US troops killed 10 insurgents in Baghdad, while 10 Iraqi troops died in two separate attacks north-east of the capital in a surge of violence following a relative lull last week.
A US statement said soldiers of the 3rd Armored Cavalry Regiment killed the 10 insurgents in Tal Afar, 260 miles north of Baghdad. American troops suffered no losses.
Insurgents, however, struck back twice against Iraqi army positions in Khalis, 45 miles north of Baghdad.
The first assault began at 5am when gunmen firing mortars, machine guns and semi-automatic weapons stormed an Iraqi checkpoint, killing eight Iraqi soldiers, Khalis police chief Colonel Mahdi Saleh said.
One and a half hours later, a car bomb exploded as an Iraqi army patrol passed, killing two soldiers, Saleh said. Three soldiers and three civilians were in both attacks. Al-Qaida in Iraq claimed responsibility for the attacks in a web statement, whose authenticity could not be confirmed.
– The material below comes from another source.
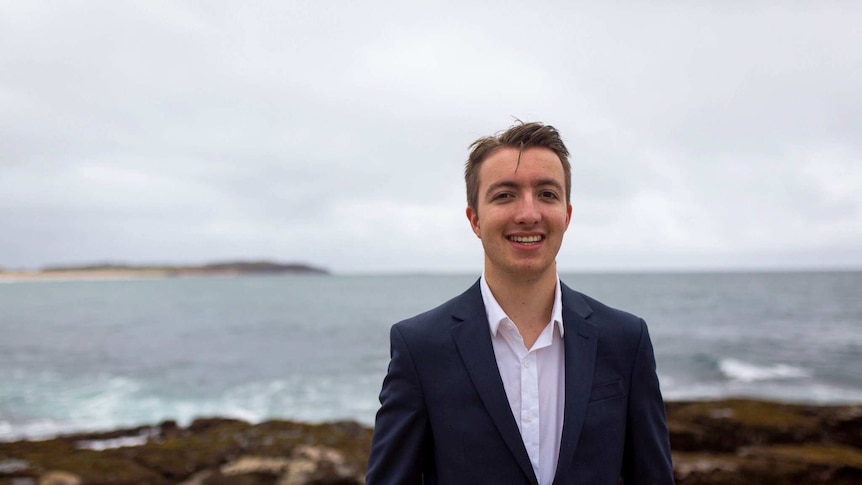 Declan Stelle, a Labor candidate, standing on some rocks overlooking the ocean. He is wearing a suit.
On June 15th, a suicide bomber wearing an army uniform blew himself up in an Iraqi army mess hall in Khalis, killing 26 soldiers. Although US forces suffered no losses in the Tal Afar fighting, two US Marines were killed yesterday by "indirect fire" - presumably mortar shells - in the insurgent stronghold of Hit along the Syrian border, the US command said.
The victims were assigned to Regimental Combat Team 2 of the 2nd Marine Division, which has been assisting Iraqi forces trying to secure the town after fighting there last month. Clashes in the north and west of the country followed violence yesterday in which about 60 people were killed in a series of suicide attacks, car bombings and ambushes.
The US military, meanwhile, released Cyrus Kar, a 44-year-old aspiring filmmaker from Los Angeles who had been detained in Iraq for nearly two months, officials said. Kar, an Iranian-American, was taken into custody on May 17th near Balad, 50 miles north of Baghdad, when potential bomb parts were found in a taxi in which he was riding.